*** Opening Data in this exercise ***
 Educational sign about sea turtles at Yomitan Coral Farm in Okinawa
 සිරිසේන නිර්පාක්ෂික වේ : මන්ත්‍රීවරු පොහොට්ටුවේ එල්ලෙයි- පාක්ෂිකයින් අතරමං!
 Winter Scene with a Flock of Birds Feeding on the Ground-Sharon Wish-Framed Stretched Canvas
*** Closing Data in this exercise ***
*** Opening Data in this exercise ***
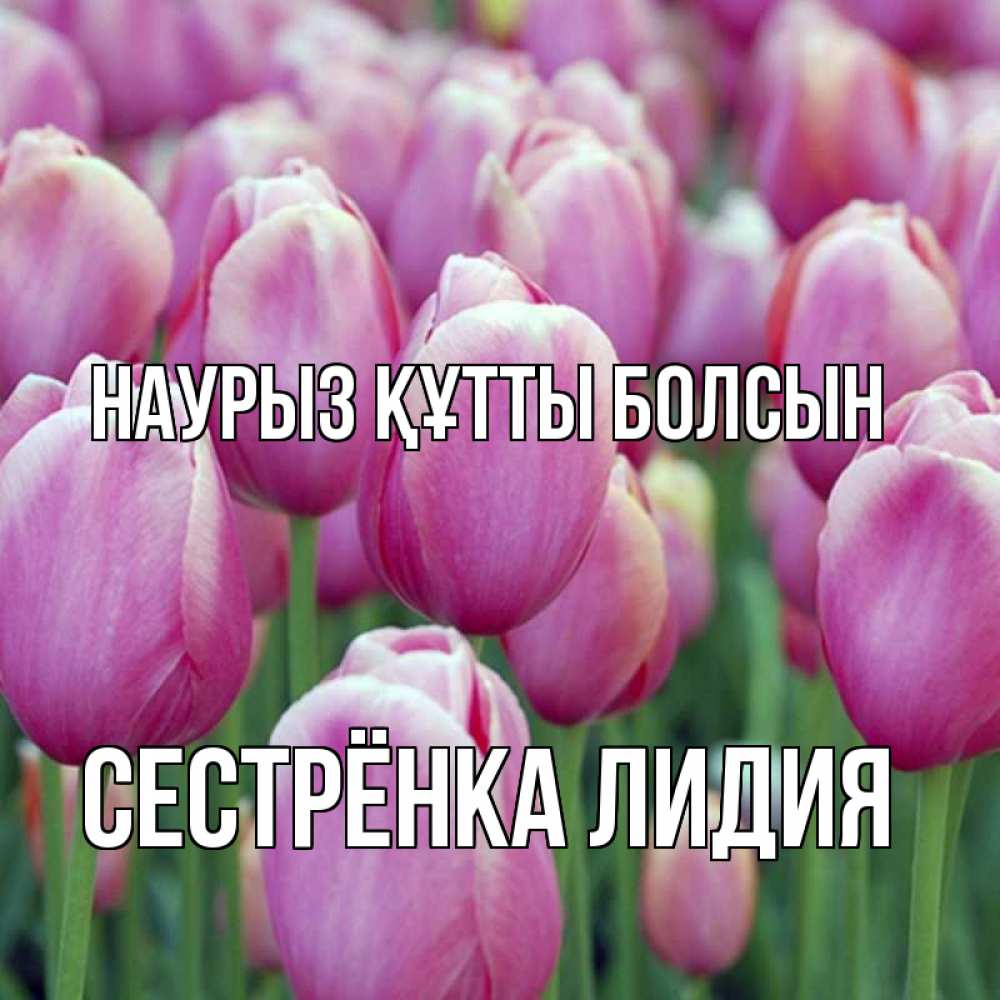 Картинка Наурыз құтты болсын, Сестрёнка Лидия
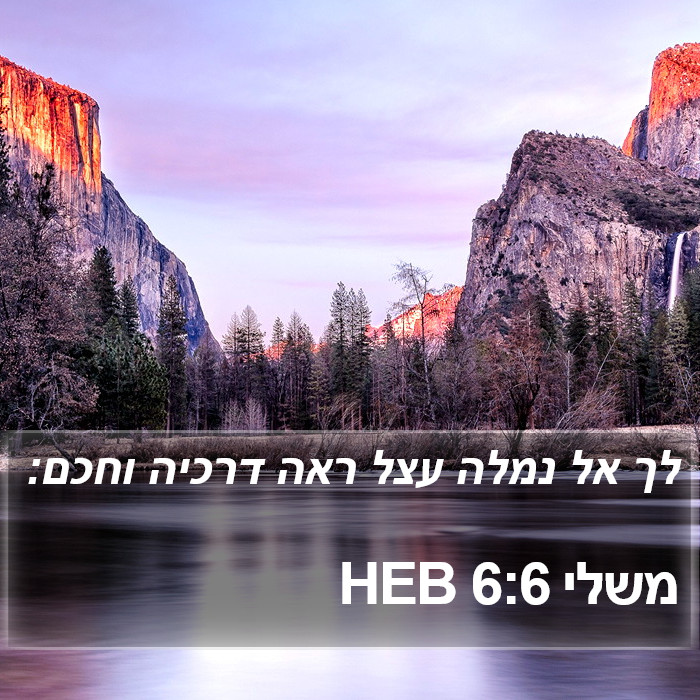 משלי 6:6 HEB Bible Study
*** Closing Data in this exercise ***
*** Opening Data in this exercise ***
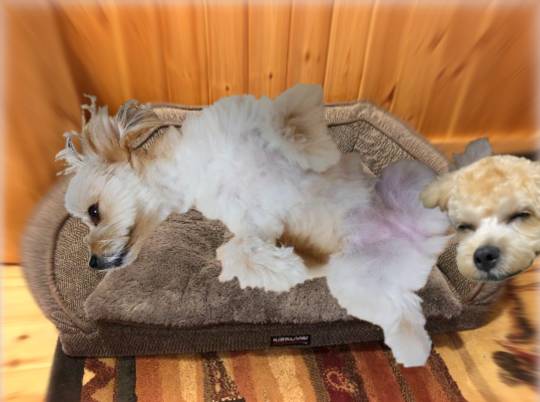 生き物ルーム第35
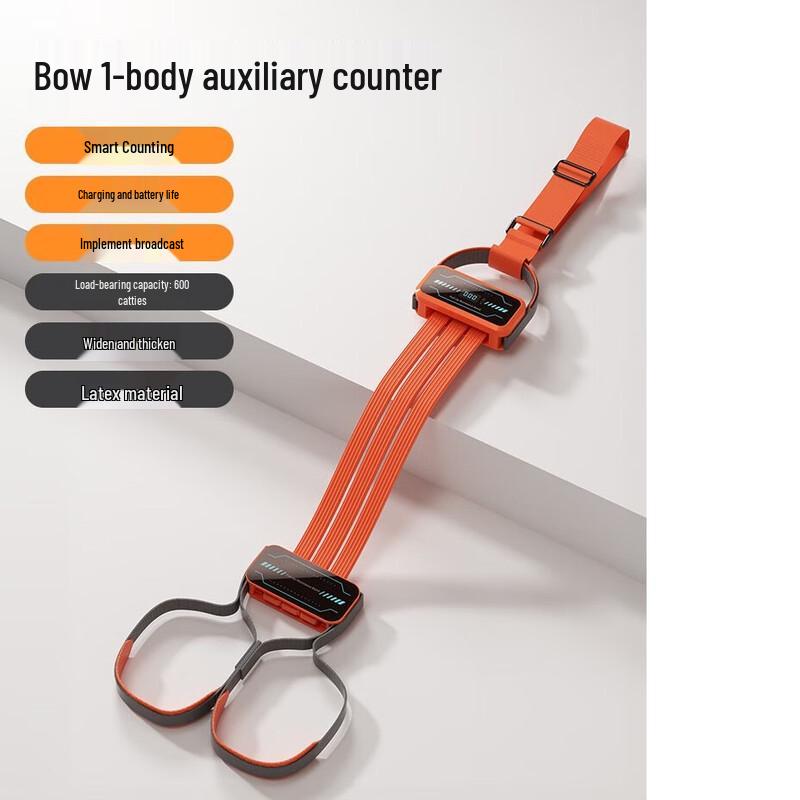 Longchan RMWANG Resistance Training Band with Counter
*** Closing Data in this exercise ***
Requirement —
With the line holding "Educational sign about" as the first and the line holding "Winter Scene with" as the last, set down that range of the entries above exactly, and nothing else.

Response box —
 Educational sign about sea turtles at Yomitan Coral Farm in Okinawa
 සිරිසේන නිර්පාක්ෂික වේ : මන්ත්‍රීවරු පොහොට්ටුවේ එල්ලෙයි- පාක්ෂිකයින් අතරමං!
 Winter Scene with a Flock of Birds Feeding on the Ground-Sharon Wish-Framed Stretched Canvas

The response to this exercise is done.